The chairmen of President Obama's fiscal commission have released a preliminary proposal on how to get the federal budget under control. You can download it yourself at the website or read a summary in any number of media outlets. Rather than rush to publish a verdict, I'm going to take some time with it and, in the spirit of equanimity, merely highlight two specific proposals--one that I like and one that I do not.
The idea I like is to revisit the tax break for home interest mortgage payments--a tax break that is as misguided as it is large. It gives bigger tax reductions to people with more expensive homes. And it skews government resources away from renters, who, on the whole, need more help than homeowners anyway. It's part of a strategy for tax simplification, a goal that responsible members of both parties can embrace.

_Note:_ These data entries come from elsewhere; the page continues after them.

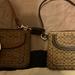 Coach Bags | Coach Soho Signature Pocket Wristlet F40585, Khaki/Mahogany | Color: Brown | Size: Os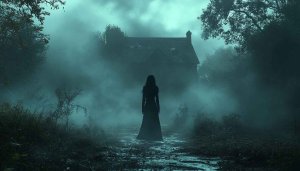 Horror Wallpaper: Ghostly Figure in Foggy Landscape HD, 4K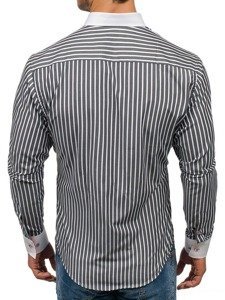 Men's Striped Long Sleeve Shirt Graphite Bolf 1771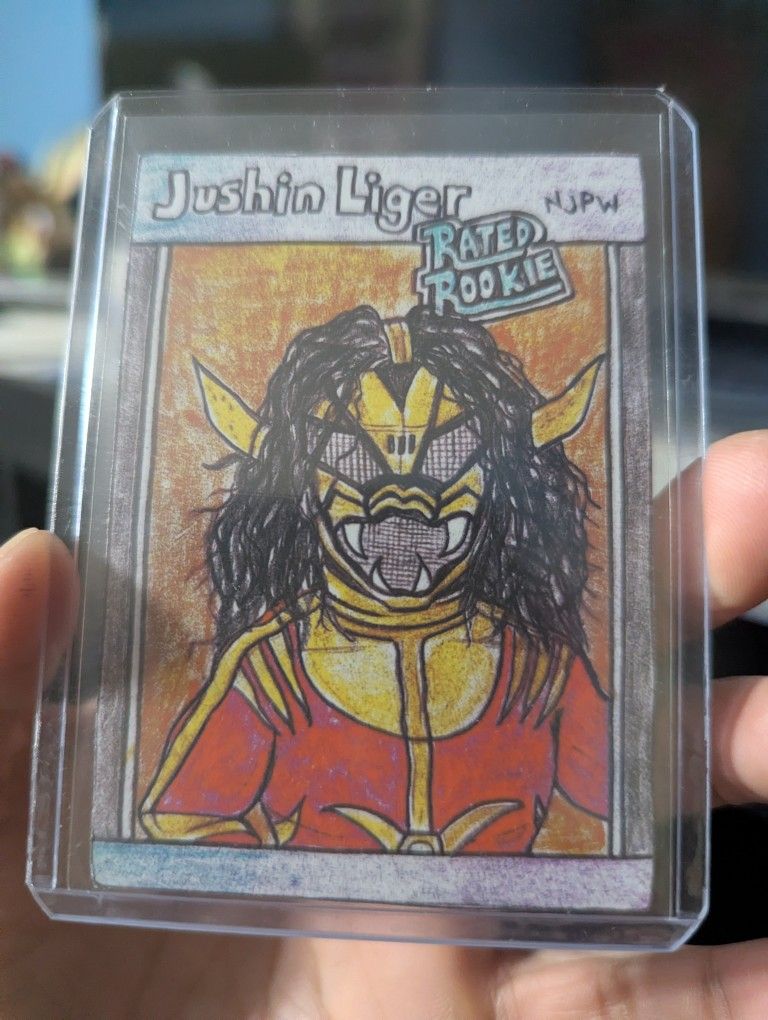 Jushin Thunder Liger gummy Arts Trading Card New Japan Wrestling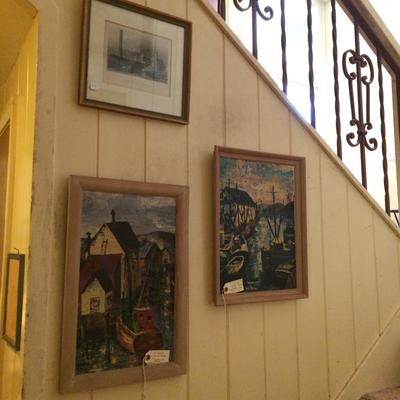 Hard edge realism Northwest paintings. Both signed.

The idea I don't like? It's actually a number: 21. The two chairmen recommend that, over the long term, the federal government limit both taxes and expenditures to 21 percent of the gross domestic product. I don't know what makes 21 percent a magic number. I do know that taxes and government spending reach 50 percent in Scandinavian countries. Their economies have not suffered, while their societies are more equal and their citizens have more economic security.
Of course, to reach that 21 percent goal, I gather the federal government would have to raise taxes a little and cut spending a lot. That balance--er, lack of balance--is far from ideal.
OK, so that really wasn't so equanimous. But I'm trying to keep an open mind as I read through the report. In the meantime, Ezra Klein has an early take on the report that is, as always, worth reading in full.